If a line in the entries contains the string "Sticker", include that line in your answer.

──────────────────────────────

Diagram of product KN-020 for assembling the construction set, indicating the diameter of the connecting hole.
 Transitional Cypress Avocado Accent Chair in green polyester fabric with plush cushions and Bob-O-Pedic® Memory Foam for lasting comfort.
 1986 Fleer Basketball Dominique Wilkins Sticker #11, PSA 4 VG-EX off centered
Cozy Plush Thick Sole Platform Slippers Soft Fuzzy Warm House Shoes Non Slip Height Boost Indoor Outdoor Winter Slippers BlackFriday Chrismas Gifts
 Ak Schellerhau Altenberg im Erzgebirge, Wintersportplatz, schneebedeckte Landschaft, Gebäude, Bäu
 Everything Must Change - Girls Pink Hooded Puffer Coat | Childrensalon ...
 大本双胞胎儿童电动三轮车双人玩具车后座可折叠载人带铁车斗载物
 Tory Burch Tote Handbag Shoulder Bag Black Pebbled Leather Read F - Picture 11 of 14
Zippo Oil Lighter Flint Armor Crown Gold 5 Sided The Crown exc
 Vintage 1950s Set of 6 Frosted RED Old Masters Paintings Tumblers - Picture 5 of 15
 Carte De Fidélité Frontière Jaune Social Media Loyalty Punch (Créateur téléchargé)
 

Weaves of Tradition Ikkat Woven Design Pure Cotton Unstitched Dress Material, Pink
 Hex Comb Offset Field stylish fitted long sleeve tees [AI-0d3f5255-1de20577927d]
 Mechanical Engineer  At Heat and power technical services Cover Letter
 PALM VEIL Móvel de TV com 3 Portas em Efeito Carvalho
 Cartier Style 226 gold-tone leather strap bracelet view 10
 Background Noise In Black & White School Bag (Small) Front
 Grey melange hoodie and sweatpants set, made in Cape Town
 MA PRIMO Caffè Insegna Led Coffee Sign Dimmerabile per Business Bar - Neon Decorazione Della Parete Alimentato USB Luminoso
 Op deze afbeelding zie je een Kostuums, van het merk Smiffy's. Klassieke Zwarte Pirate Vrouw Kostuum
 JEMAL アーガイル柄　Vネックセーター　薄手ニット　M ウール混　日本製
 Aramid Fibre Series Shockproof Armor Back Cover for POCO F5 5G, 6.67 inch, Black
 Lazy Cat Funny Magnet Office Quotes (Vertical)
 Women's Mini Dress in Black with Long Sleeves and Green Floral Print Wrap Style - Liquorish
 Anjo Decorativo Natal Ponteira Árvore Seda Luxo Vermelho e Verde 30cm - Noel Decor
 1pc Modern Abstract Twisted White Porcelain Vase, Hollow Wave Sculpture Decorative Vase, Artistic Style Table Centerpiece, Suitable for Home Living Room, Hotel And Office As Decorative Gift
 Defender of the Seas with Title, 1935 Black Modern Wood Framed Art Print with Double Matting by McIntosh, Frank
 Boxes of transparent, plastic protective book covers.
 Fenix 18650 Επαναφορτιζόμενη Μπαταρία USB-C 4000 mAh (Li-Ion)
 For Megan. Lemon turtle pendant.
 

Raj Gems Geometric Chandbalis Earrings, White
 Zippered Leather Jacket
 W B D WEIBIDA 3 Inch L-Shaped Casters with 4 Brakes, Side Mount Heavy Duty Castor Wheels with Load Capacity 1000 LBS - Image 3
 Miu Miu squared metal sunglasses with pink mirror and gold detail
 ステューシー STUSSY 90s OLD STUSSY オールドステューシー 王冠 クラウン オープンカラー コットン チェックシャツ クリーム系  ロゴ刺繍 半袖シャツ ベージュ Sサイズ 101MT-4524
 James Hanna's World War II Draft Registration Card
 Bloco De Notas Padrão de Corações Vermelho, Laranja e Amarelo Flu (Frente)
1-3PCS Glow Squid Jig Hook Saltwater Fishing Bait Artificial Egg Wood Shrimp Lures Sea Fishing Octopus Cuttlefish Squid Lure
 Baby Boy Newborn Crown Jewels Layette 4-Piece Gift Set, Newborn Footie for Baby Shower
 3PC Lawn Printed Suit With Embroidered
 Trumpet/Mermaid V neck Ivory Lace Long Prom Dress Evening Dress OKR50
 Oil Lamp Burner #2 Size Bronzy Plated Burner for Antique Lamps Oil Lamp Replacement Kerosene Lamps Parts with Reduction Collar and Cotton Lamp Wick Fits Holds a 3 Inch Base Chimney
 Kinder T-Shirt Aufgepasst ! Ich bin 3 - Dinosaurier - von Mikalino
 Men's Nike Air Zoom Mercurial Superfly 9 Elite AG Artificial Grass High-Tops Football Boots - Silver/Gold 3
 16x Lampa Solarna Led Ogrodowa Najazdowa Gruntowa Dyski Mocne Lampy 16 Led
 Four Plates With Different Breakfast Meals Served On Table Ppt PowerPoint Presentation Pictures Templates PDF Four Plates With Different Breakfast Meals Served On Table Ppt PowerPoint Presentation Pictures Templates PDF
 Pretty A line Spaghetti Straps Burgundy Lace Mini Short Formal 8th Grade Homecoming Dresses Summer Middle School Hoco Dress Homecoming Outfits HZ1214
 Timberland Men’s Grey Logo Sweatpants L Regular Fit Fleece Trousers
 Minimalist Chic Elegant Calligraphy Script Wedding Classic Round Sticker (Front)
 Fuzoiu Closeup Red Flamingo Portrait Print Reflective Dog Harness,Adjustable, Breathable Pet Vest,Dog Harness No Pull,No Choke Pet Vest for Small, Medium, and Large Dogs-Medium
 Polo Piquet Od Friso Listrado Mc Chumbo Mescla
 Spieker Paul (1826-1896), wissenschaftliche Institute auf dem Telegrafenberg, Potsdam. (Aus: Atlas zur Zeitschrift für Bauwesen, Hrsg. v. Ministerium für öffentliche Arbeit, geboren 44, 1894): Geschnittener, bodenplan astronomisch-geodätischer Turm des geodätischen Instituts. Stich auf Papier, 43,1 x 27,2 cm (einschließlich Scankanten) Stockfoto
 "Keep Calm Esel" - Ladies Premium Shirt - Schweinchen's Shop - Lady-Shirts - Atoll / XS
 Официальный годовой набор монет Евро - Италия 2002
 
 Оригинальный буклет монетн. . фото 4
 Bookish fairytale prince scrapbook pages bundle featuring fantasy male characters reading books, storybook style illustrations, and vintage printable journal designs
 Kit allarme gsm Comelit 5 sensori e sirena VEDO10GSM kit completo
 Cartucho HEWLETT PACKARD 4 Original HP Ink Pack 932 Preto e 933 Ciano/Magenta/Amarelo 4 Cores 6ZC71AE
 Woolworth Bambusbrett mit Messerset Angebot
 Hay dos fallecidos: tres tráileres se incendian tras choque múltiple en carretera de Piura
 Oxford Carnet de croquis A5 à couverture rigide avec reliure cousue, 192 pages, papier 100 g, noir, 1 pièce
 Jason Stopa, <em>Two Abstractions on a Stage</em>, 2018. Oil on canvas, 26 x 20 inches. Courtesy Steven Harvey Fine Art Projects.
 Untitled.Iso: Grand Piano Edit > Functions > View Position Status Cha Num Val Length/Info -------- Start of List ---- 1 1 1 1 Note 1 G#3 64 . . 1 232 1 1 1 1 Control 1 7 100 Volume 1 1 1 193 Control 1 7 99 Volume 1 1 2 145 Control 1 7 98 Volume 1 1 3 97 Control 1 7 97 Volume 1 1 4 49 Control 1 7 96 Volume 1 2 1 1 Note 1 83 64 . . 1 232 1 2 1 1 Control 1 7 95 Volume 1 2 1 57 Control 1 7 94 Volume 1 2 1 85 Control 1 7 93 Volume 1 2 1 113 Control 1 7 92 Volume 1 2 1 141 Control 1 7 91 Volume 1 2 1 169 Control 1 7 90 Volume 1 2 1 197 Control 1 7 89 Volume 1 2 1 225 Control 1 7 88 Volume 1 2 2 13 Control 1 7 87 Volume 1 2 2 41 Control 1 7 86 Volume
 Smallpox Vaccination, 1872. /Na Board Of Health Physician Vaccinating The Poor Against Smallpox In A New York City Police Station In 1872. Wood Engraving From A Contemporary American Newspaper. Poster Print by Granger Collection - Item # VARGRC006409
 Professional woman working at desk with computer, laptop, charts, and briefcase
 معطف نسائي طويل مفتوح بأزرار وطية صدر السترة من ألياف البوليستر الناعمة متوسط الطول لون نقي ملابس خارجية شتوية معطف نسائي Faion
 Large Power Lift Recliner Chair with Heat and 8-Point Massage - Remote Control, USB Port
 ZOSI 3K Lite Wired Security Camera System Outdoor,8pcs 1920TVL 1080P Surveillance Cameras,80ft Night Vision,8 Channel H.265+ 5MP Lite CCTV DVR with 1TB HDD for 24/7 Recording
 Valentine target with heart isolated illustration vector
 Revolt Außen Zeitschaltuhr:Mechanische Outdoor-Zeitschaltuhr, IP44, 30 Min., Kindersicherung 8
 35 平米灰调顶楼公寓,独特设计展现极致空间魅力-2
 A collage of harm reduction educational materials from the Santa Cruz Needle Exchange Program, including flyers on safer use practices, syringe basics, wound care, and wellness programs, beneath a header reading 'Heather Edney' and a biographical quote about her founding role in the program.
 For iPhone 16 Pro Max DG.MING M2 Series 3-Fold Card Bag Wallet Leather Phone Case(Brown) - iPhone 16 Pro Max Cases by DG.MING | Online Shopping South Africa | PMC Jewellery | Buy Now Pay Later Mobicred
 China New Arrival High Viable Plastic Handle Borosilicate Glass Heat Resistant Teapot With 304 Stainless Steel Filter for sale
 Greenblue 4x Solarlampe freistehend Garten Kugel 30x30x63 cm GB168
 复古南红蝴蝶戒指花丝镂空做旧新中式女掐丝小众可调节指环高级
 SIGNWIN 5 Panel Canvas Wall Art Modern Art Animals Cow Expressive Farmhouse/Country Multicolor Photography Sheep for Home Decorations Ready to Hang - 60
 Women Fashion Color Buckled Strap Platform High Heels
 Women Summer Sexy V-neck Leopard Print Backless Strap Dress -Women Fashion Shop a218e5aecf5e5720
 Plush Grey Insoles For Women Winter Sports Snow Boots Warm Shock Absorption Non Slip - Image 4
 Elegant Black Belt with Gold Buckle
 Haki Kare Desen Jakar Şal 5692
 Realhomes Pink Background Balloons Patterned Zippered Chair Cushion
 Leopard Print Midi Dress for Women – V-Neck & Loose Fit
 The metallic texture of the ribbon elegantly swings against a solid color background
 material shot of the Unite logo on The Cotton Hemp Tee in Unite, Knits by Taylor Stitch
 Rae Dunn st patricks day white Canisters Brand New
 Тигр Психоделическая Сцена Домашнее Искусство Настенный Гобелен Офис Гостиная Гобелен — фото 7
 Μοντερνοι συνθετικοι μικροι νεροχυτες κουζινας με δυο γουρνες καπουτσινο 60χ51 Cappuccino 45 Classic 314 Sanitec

──────────────────────────────

RESULT FOR THIS TASK.
 1986 Fleer Basketball Dominique Wilkins Sticker #11, PSA 4 VG-EX off centered
 Minimalist Chic Elegant Calligraphy Script Wedding Classic Round Sticker (Front)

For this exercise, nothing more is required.